** Source material **

---

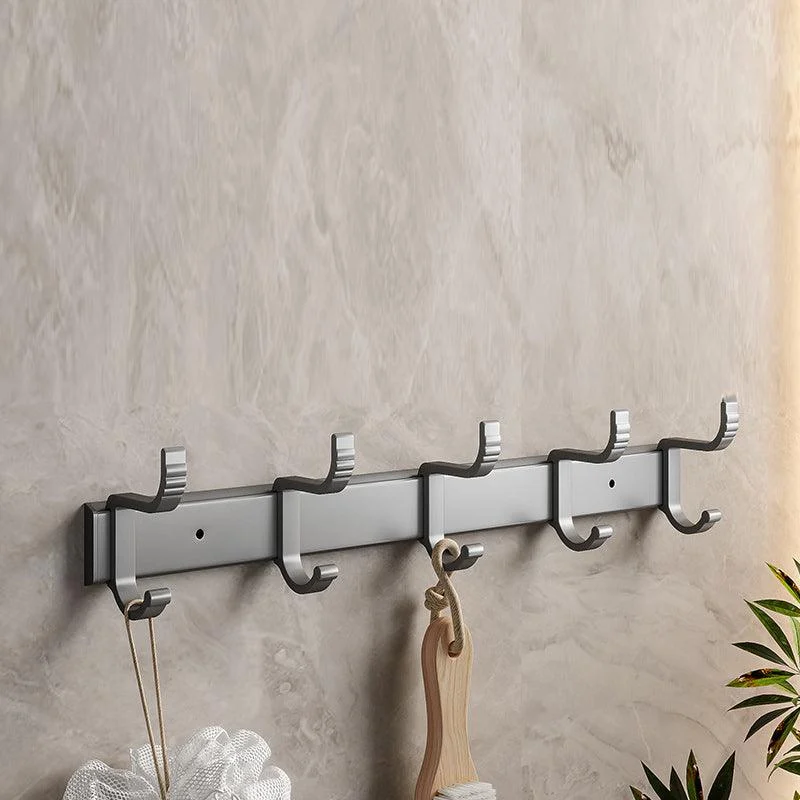 Gray Aluminum Bathroom Accessory Set Contemporary Bath Shelf -Bathlova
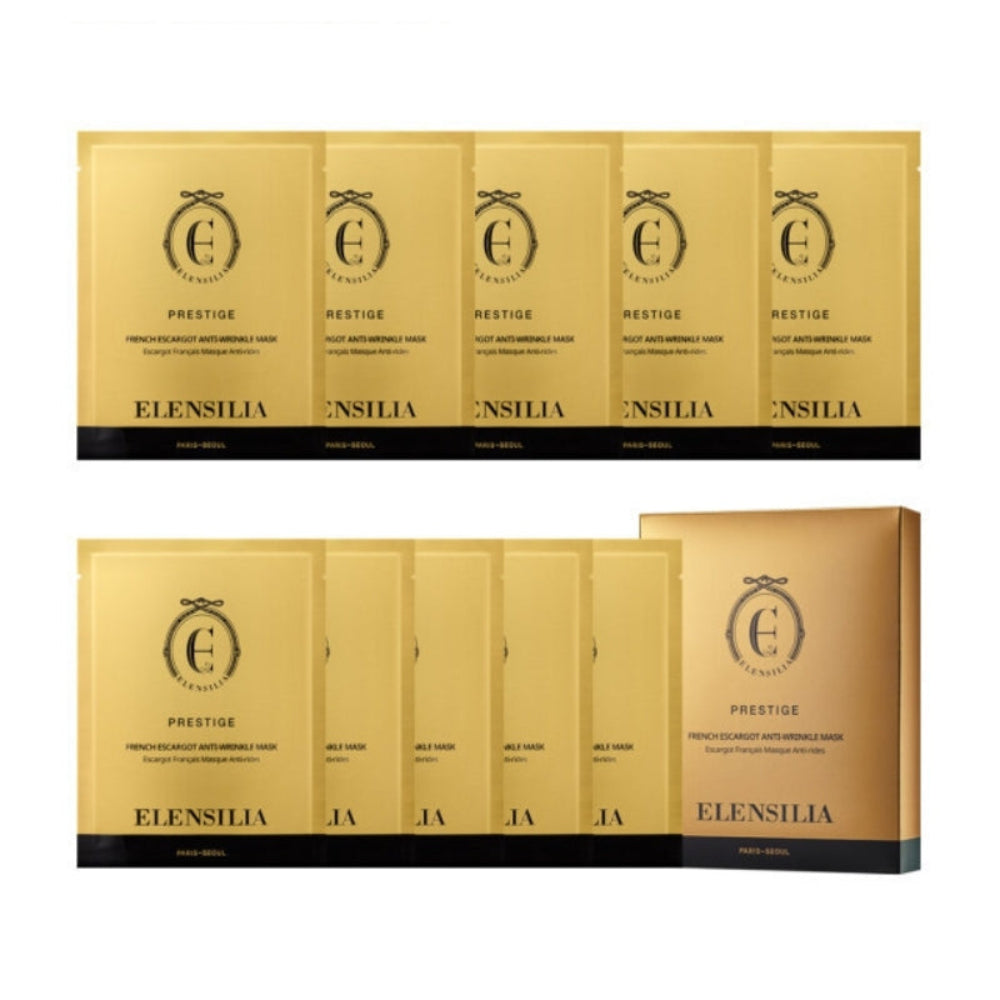 Elensilia Prestige French Escargot Маска против морщин, упаковка 25 мл*10 шт/20 шт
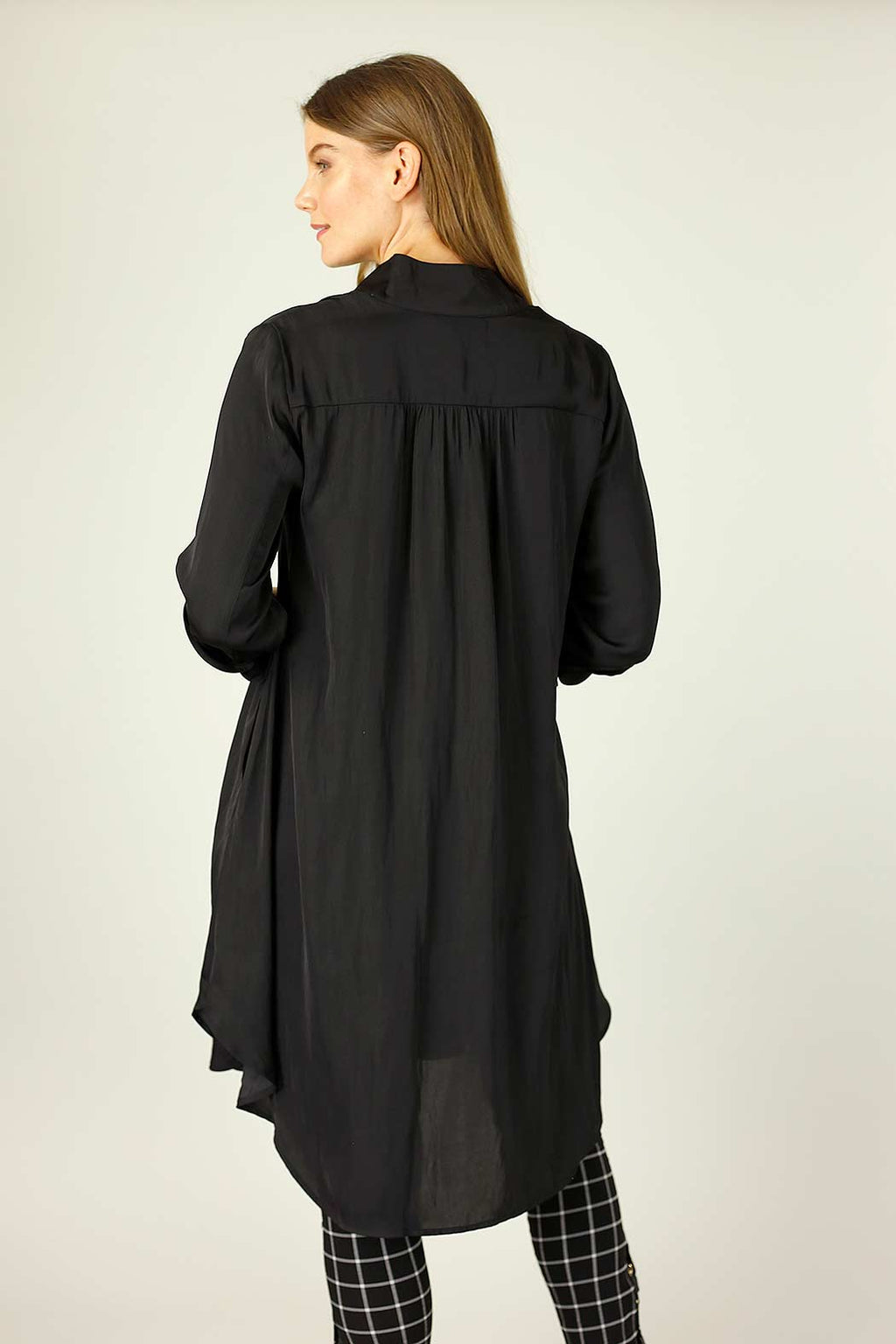 Black Seta Oversized Blogger Shirt - SALE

---

** Work item **
Set down the line containing "Elensilia Prestige French", then every later line through the end of the material, exactly as written; omit any picture.

** Task result **
 Elensilia Prestige French Escargot Маска против морщин, упаковка 25 мл*10 шт/20 шт
 Black Seta Oversized Blogger Shirt - SALE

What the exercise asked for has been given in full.